There does seem to be an obsession with sleep (esp. independent) though.


----------



## JamesMama (Jun 1, 2005)

I don't get it either. I can't imagine the sort of guff I'd get from people if they knew we STILL coslept with my 3.5 year old and that I or DH still snuggle him to sleep every night.

I know that some babies don't sleep...my DD went through that phase. and it was so hard...the sleep deprivation really got to me...

I generally tell people that in all reality this is SUCH a short season I get with my kids. I get 18 years to have them under my roof and then they spend the next 50 (or so) years out in the world...I'm not going to whine about having to snuggle my son for 4 years (or so) in a few years he'll be too cool to hug his old mom...


----------



## tuscany123 (Feb 15, 2004)

When DD was born almost 5 yrs ago, I did not know about safe bedsharing.

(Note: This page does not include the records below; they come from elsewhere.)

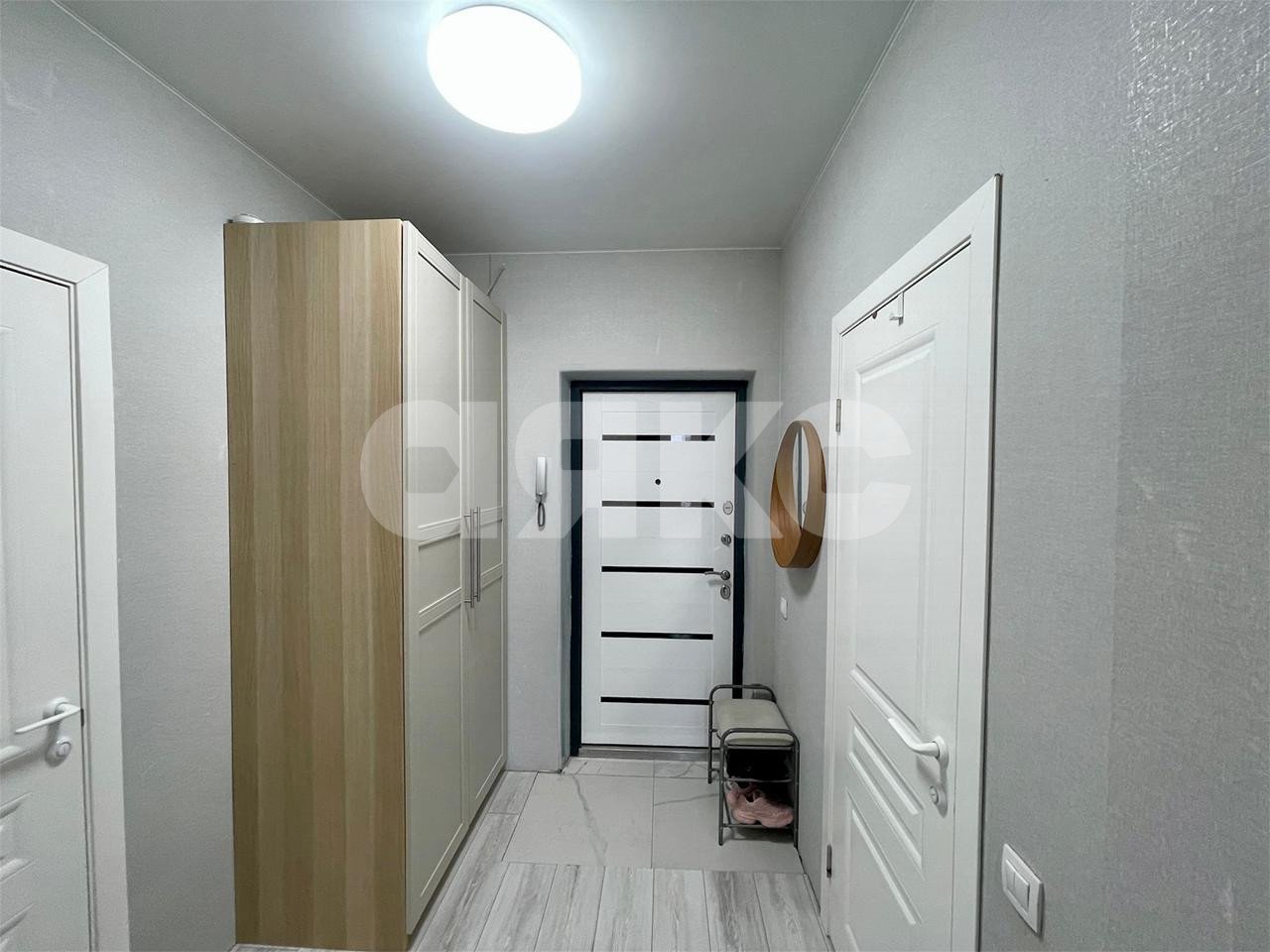 Фото №6: 1-комнатная квартира 34 м² - Новороссийск, жилой комплекс Аврора 2, ул. Мысхакское шоссе, 59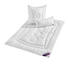 KOPFKISSEN 080/080 cm - Creme, Textil/Weitere Naturmaterialien (080/080cm) - SLEEPTEX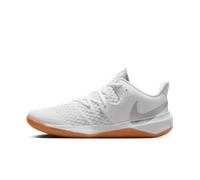 Nike Zoom Hyperspeed Court scarpe da pallavolo SE bianco/argento metallico gomma (42 EU)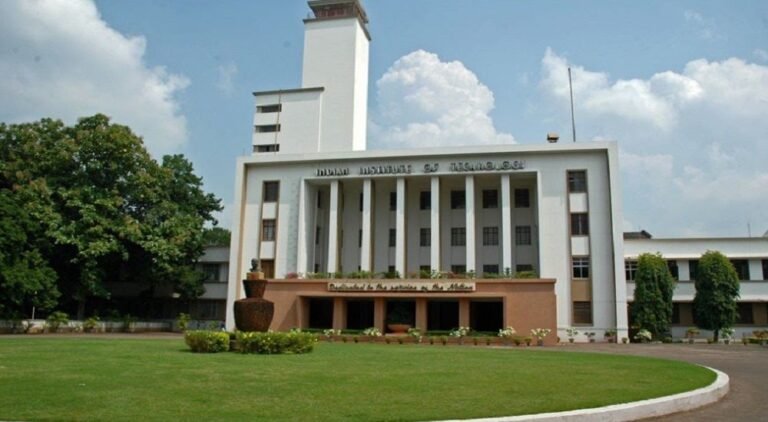 IIT-Kharagpur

I succombed to the mainstream advice I got, which said babe must sleep in her own space, away from me. So, for the 1st 3 months, I struggled with night time parenting. I thought I was a failure because my LO did not STTN. I nursed each time she woke, but removed her from the bassinet each time, and she and I both were completely awake for each of these feedings. We were both wrecks!

I happened to find Mothering magazine in the checkout line at the local health food store, and from there found these forums. One night, ill with a cold, and too exhausted to do anything else, I crawled into bed with DD. She was 4 mos old. We learned sidelying nursing in one session, and to my surprise, we both STTN. To me, STTN means my LO is with me in bed, or sidecarred in a crib, and I nurse on demand, but neither of us really wakes up. I guess the mainstream folks would say this is not technically STTN, but I say to heck with that. All I know is I wake up rested, in a good mood, and that's what counts for me. Now with my 2nd child, what I have learned about co-sleeping has helped us since the day he came into the world.

Thank God for MDC. It totally reshaped my outlook on so many parenting issues. I no longer sweat it when I get asked well-meaning (usually!) questions about LO's sleeping or nursing patterns. I simply answer "he sleeps great" or "he so healthy, he eats exactly as often as he needs to" I am am so grateful that MDC was there for me.


----------



## Devaya (Sep 23, 2007)

I agree with Tuscany - MDC has revolutionised my thinking and given me so much more confidence about these things. Yesterday I bumped into an ex-colleague from work and her partner and 4 month old baby. Boy, were they keen to boast that their baby now 'self soothed' because she had started being 'stricter' (Not CIO, just refusing to give the breast until it was a certain time of the morning...at 4 months!). Instead of talking about the many other things I'm sure their baby is doing or being,it was all about how proud they were of her to have started sleeping more on her own, etc etc.

I just stood there with my eleven month old strapped to me (who co-sleeps etc) and their baby was lying contentedly in her pushchair just gurgling kind of thing, and I found it really difficult. I always feel like I'm completely in the minority, which is why I'm so grateful for MDC for helping me not feel like a freak! (and reminding me all babies are different and there' s nothing wrong with mine).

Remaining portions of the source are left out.